[Items from a data source]

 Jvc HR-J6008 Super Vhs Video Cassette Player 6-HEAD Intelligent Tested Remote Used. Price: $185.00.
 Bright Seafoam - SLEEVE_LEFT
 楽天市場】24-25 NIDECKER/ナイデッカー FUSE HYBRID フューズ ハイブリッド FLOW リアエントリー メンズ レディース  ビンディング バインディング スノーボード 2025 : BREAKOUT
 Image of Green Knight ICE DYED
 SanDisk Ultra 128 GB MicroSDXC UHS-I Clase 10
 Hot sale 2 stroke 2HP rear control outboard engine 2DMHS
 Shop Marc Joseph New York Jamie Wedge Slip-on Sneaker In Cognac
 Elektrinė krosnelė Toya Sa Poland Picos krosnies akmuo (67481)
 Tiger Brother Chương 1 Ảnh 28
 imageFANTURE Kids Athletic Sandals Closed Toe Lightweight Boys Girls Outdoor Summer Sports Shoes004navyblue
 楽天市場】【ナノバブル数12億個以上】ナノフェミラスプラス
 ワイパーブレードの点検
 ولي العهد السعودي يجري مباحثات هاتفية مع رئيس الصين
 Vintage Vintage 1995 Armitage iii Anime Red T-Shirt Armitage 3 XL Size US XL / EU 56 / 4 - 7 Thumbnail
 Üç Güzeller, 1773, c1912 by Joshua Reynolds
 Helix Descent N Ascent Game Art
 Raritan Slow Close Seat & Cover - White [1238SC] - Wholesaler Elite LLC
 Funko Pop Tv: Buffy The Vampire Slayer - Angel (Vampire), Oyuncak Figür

[Exercise]
Whenever a line in the entries above includes the word "楽天市場", pull that line out.

[Your solution]
 楽天市場】24-25 NIDECKER/ナイデッカー FUSE HYBRID フューズ ハイブリッド FLOW リアエントリー メンズ レディース  ビンディング バインディング スノーボード 2025 : BREAKOUT
 楽天市場】【ナノバブル数12億個以上】ナノフェミラスプラス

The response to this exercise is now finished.